(Brief descriptive captions)
○ ○ ○ ○

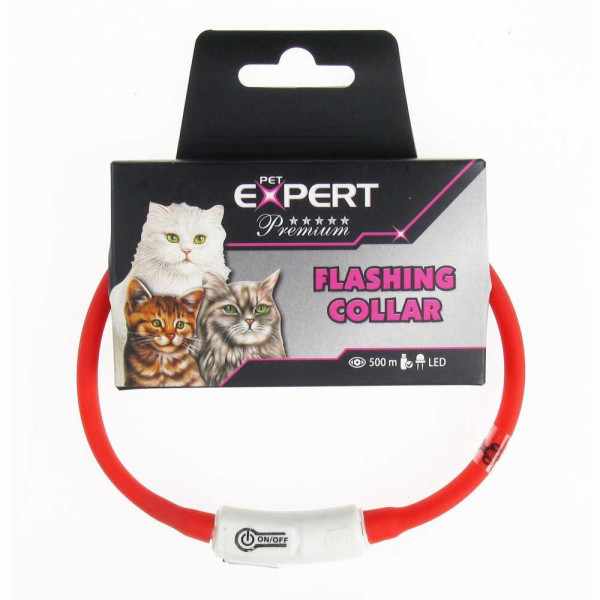 Нашийник TETRAPET для котів Expert, світиться, LED, USB, силікон, червоний, 1*35см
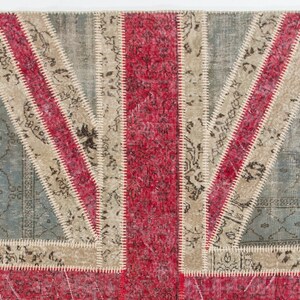 Handmade Union Jack British Flag Design Patchwork Rug Made From Re-dyed ...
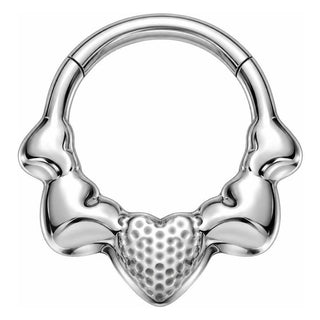 Titanium Ring 5 Hearts Clicker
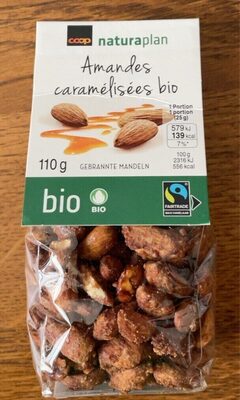 Amandes caramélisées bio front packaging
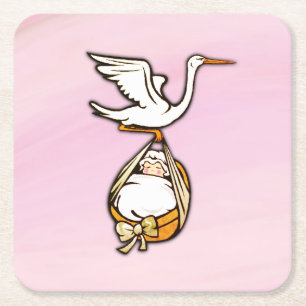 De storm draagt een babymeisje kartonnen onderzetters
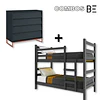 Camarote Essenciale Cr Negro C/Escalera + Cómoda Noah Design Grafito Base Cobre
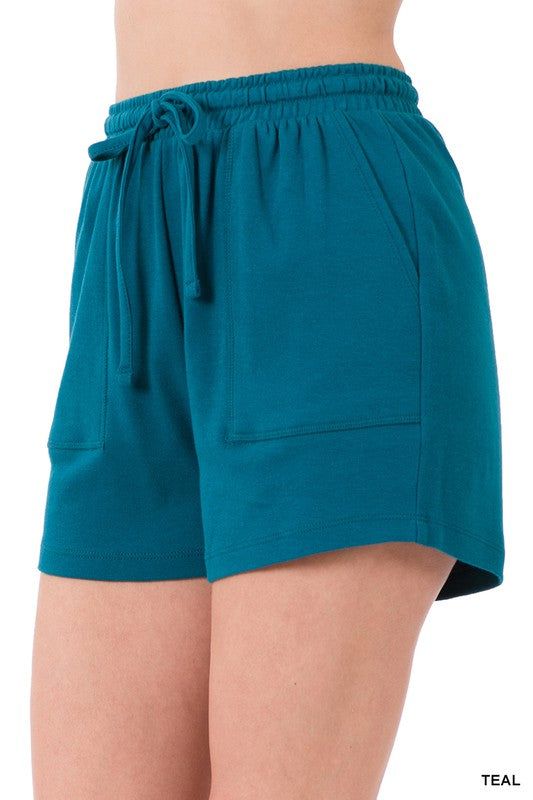 ZENANA | Cotton Drawstring Waist Shorts With Pockets us.meeeshop - 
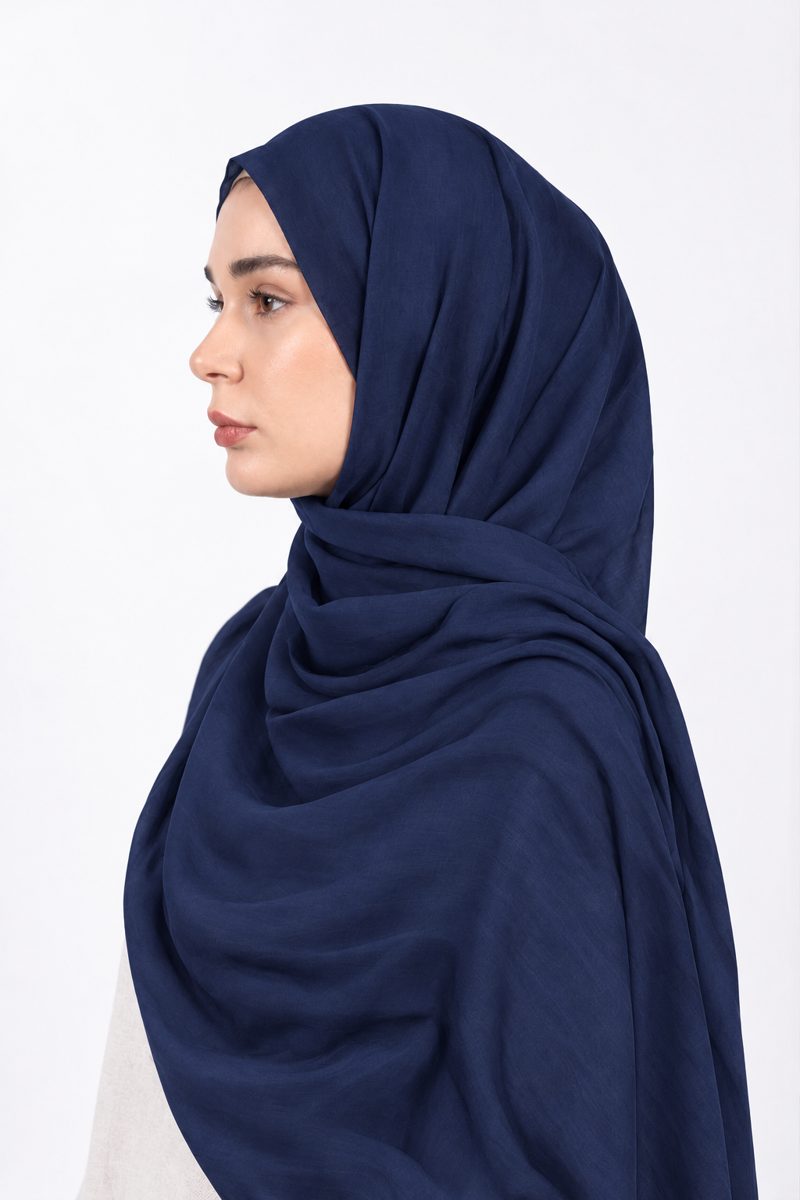 Premium Modal Hijab | Navy - side view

○ ○ ○ ○

Print the lines from the line with "Titanium Ring 5 Hearts Clicker" to the end of the data above. Include both ends, exclude the pictures, and add nothing else.

RESPONSE TO THIS TASK ->
 Titanium Ring 5 Hearts Clicker
 Amandes caramélisées bio front packaging
 De storm draagt een babymeisje kartonnen onderzetters
 Camarote Essenciale Cr Negro C/Escalera + Cómoda Noah Design Grafito Base Cobre
 ZENANA | Cotton Drawstring Waist Shorts With Pockets us.meeeshop - 
 Premium Modal Hijab | Navy - side view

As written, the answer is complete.